After I posted last and went back to work (!) something clarified itself in my mind, and I think this is the main point I've been trying to make.

Take the thread jimithing mentioned, the one that was locked.  The poster was telling a story of someone who did something that made no sense to her, and annoyed her.  She didn't know this girl, but the girl did something that she found .. well .. stupid.  So that action made her think the girl was stupid.  (Maybe the girl is, maybe she isn't.  I don't know her.)

Me, I thought what the girl did was thoughtless, so I would have characterized her, had I been the OP, as thoughtless. 

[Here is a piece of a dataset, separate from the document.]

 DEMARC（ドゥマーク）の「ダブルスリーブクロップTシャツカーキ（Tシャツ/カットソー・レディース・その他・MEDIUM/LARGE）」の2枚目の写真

It's not so much that the OP actually thinks the girl is stupid.  As I understood the story, she didn't even really know the girl.  However, the girl did a "stupid" thing, so the OP referred to her in her post as "stupid."  (Not the best choice of words, I can definitely agree to that.  In the house I grew up in, "stupid" is almost a cuss word.) 

But then the OP was chastised for thinking the girl was stupid.  The girl, by her own actions, had portrayed herself to the OP as stupid.   The OP still doesn't know her well enough to know if she's stupid or not.  She was just using a convenient word that described the girl's actions.  We were calling her down for an opinion she may or may not even actually hold.  She wasn't letting her opinion of the girl color her reaction to the situation.  Rather, the girl's actions created the OP's opinion of her, so telling her she was letting her opinion get in the way made no sense in that particular situation. 

I just thought it (in that instance) was non-productive.  It seemed pedantic to focus on her choice of descriptors for the girl rather than the etiquette of the situation.